PANAMA CITY — Jurors found a disabled man guilty Wednesday of manslaughter and aggravated battery for shooting and killing his wife’s lover and wounding her.
Michael Joe McCoy, 44, was charged with second-degree murder and attempted murder in early February after emergency crews found his wife gut-shot and her lover face down in a ditch outside McCoy’s home in Fountain.
In the final day of trial Wednesday, jurors heard two vastly different stories from the two witnesses. McCoy said he feared for his life when he shot and killed David Walker, 46, and critically wounded his wife in the crossfire. Susan McCoy, 37, said her husband went into a jealous rage and intentionally turned a 9 mm pistol on each of them.
Jurors reached a guilty verdict for the lesser offenses Wednesday night after five hours of deliberation.
McCoy could face 25 years to life in prison when he is sentenced Dec. 18.
Deputies arrived at the McCoys’ home on Rhonda Road after receiving calls about two gunshot victims.
After six years of marriage, the McCoys’ relationship had deteriorated under looming financial problems. The couple decided to call it quits in January but agreed to live together and remain civil.
That ended with the gunfire about 2:30 a.m. Feb. 5.
McCoy “stood up and he was like, you know what, and fired at David,” Susan McCoy testified. “In the same swoop, as soon as he quit shooting David, he turned and shot me twice. It was like he didn’t even miss a beat.”

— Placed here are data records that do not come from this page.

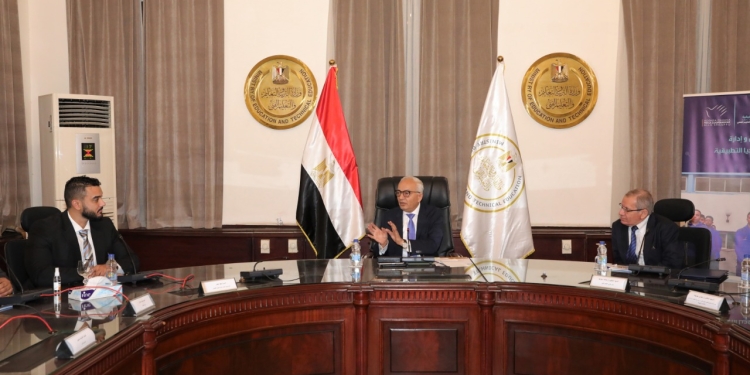 إنشاء مدرسة جديدة للتكنولوجيا التطبيقية لزراعة وإنتاج التمور بالجيزة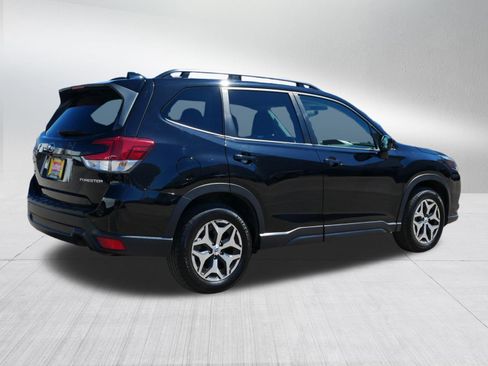 Used 2022 Subaru Forester Premium AWD/4WD image 7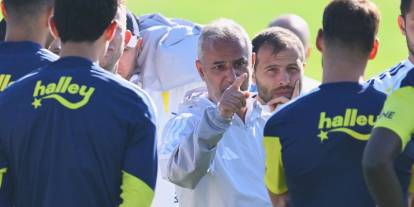 İsmail Kartal neşteri vurdu! Fenerbahçe'de 8 isim gözden çıkarıldı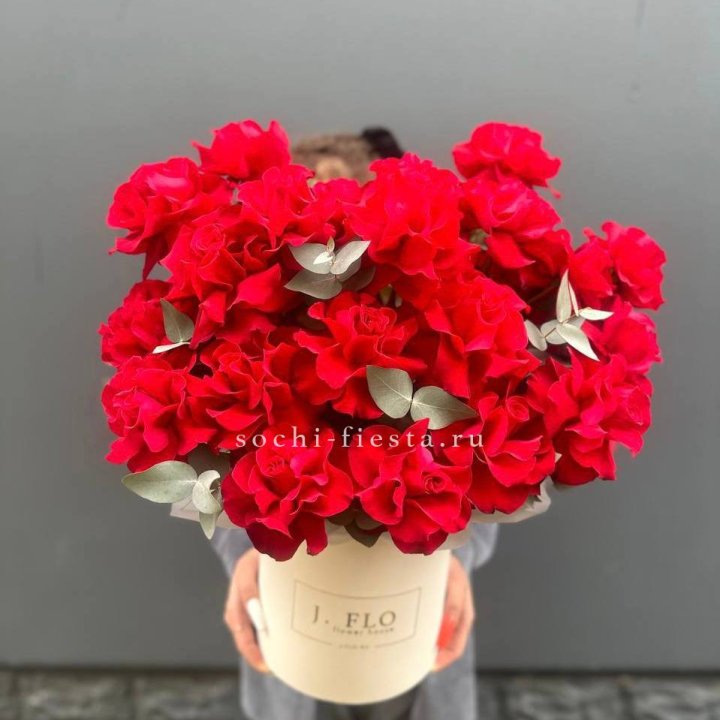 35 Французских роз в боксе в Твери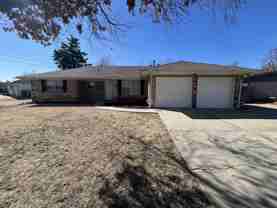 8105 W Lakeshore Dr - Photo 1 of 1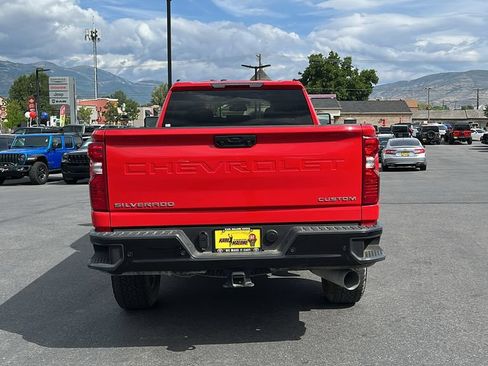 Used 2025 Chevrolet Silverado 2500 Custom w/ Custom Value Package AWD/4WD image 6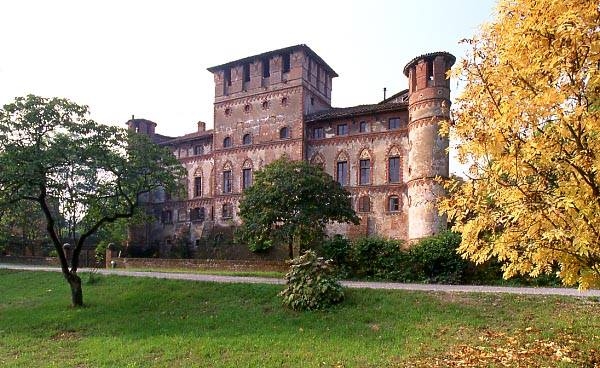 Per le calde domeniche di luglio, i pomeriggi “con brivido” al Castello di Piovera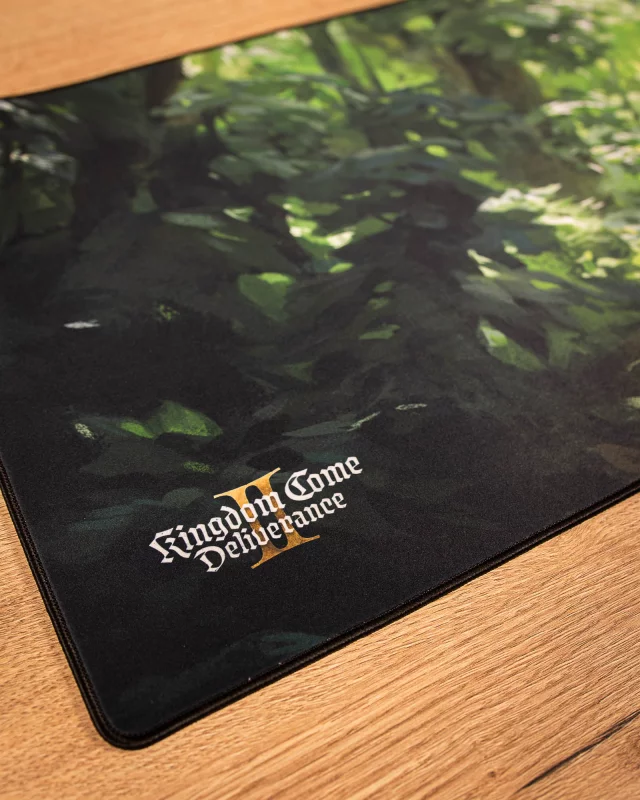 Podložka pod myš Kingdom Come: Deliverance II - Keyart Jindra a Vořech v lese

Michael McCoy appeared before jurors in a wheelchair Wednesday, although he could walk with forearm crutches the night of the shooting.
He told investigators after the incident that he initially armed himself with the intention of taking his own life, but his wife talked him out of it. He said he had just learned that she and Walker were having an affair and demanded that Walker — who had been staying with the couple for a few days after his release from the Bay County Jail following a domestic battery arrest — leave their home.
The two men began to argue outside the house. McCoy said Walker had started to approach him when he fired, and Susan McCoy ended up in the crossfire.
“I went to help her, and I ended up shooting her by accident,” he said.
Four shots later, Walker lay dead with two gunshot wounds in his chest, one in his calf and one in his back ribs. Susan McCoy then charged Michael McCoy, and he shot her a second time in the stomach, Michael McCoy said.
“I shot her low in the stomach because I didn’t want to hurt her,” he said.
Family members of Susan McCoy testified that her husband had talked about a self-defense shooting for years. The prosecution’s case against Michael McCoy hinged on the argument between him and Walker and the lack of fear he showed in the shooting.
Michael McCoy began to taunt Walker as he tried to leave, prosecutor Larry Basford said in his closing argument.
“He was trying to bait (Walker) to come back because he had that pistol in his pocket,” Basford said. “As (McCoy) saw it, anyone who messed with him — because he is crippled — he could shoot them dead.”
Basford argued that without signs of a true threat, Michael McCoy shot Walker four times and then turned the gun on Susan McCoy.
However, defense attorney Kim Jewell argued that evidence at the scene did not support that version of events. The location of shell casings supported Michael McCoy’s chronology, with five casings in one place and one casing in another. That indicated the gun was in one position for five shots and in another for the last, Jewell argued.
Walker’s gunshot wounds and where his body fell also supported McCoy’s story, Jewell said.
“If Walker’s out there by the road saying, ‘I’m leaving, bye,’ how can he get there,” she asked the jury. “These are the facts you cannot argue.”